◆ Data supplied:
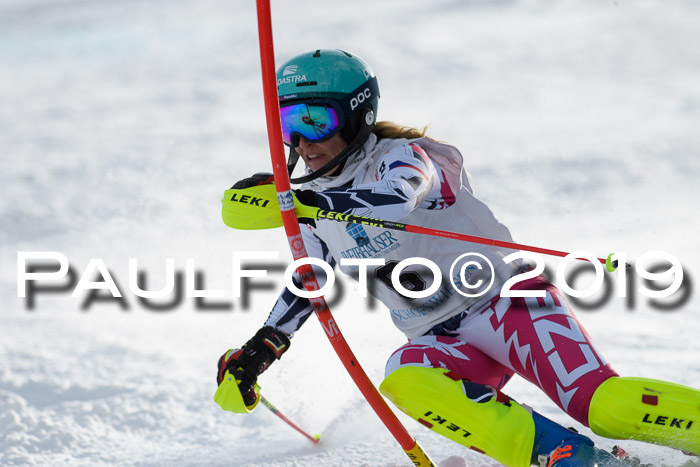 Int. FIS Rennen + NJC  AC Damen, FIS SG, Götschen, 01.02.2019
---
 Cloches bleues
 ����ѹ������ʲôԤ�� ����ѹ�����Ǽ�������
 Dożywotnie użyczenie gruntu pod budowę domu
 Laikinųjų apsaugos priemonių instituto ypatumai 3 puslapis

◆ Task instructions: Looking at the records above, return exactly the lines from the line with "Cloches bleues" to the line with "Laikinųjų apsaugos priemonių", both ends included.

◆ Output for this exercise:
 Cloches bleues
 ����ѹ������ʲôԤ�� ����ѹ�����Ǽ�������
 Dożywotnie użyczenie gruntu pod budowę domu
 Laikinųjų apsaugos priemonių instituto ypatumai 3 puslapis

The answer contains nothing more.